Wigneswaran - the lone Lankan Tamil sitar player

Wigneswaran - the lone Lankan Tamil sitar player

Former Sri Lankan Supreme Court Judge C.V.Wigneswaran, who is the Chief Ministerial candidate of the Tamil National Alliance (TNA) in the forthcoming elections for the Northern Provincial Council (NPC), is a trained Sitar player and the only Lankan Tamil to have taken to this North Indian instrument.

“I learnt to play the Sitar at the Chitrasena School of Dance and Music (Chitrasena Kalayathanaya) in Colombo about 40 years ago. My guru was Titus Nonis,” Wigneswaran told Express.

Asked how far he went in learning to play the instrument, the judge-turned politician said: “ To the extent of performing in public. One of the major functions I had performed at, was a judges’ gathering in 1979 or 1980.”

Asked if he was still in touch with the Sitar and North Indian music in general, Wigneswaran said: “After becoming a judge, for lack of time I had to give up the Sitar.

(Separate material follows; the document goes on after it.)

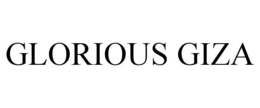 GLORIOUS GIZA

But at the Bhajan singing sessions I have been attending, some of the hymns are sung in the North Indian style.”

Wigneswaran is a Tamil nationalist and a scholar specializing in Tamil literature and Hindu religion, but he has a cosmopolitan outlook and an eclectic taste. In this respect, he is different from the typical Lankan Tamil who tends to be hide-bound culturally, seeing himself as a guardian of pristine Tamil culture, unadulterated by any outside influences. The Lankan Tamils would learn only Carnatic Music or Tamil Isai as they call it, and play the Veena and the Mridangam. Violin or any other Western or North Indian instrument is taboo. And Bharatanatyam is the only dance form they would learn. Hindustani music and North Indian dances are a definite no-no.

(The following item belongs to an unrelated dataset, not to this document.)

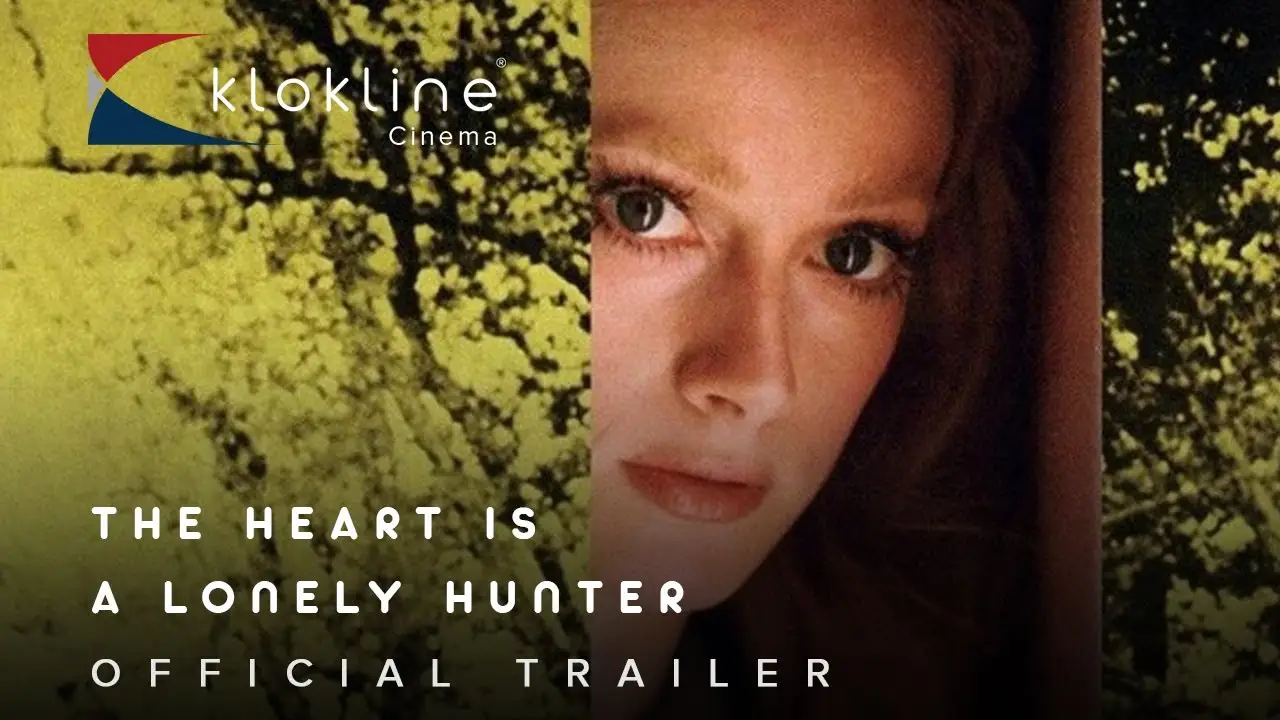 The Heart is a Lonely Hunter — trailer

Lankan Tamils are in marked contrast to the Sinhalese, who though attracted to North Indian music and Kathak dance, also learn Bharatanatyam. In Colombo, there are as many Sinhalese Bharatanatyam gurus as there are Tamil gurus. Many Sinhalese gurus have composed Padams in the Sinhalese language so that audiences are better able to relate to the mime and movement they see on the stage.

Cross cultural family

Wigneswaran’s eclecticism is seen in his family too. Though he belongs to an elite family of Jaffna which counts among its members the distinguished Sir Ponnambalam Ramanathan and Sir Ponnambalam Arunachalam, Wignesawaran’s sons have married into Sinhalese families. One son is married to government  minister Vasudeva Nanayakkara’s daughter, and the other to the niece of a  former ruling party MP, Keseralal Gunasekara.

Wigneswaran’s personal and familial profiles have made many Sinhalese believe that he can bridge the chasm between the Tamils and the Sinhalese, and the government and the TNA, in post-war Sri Lanka.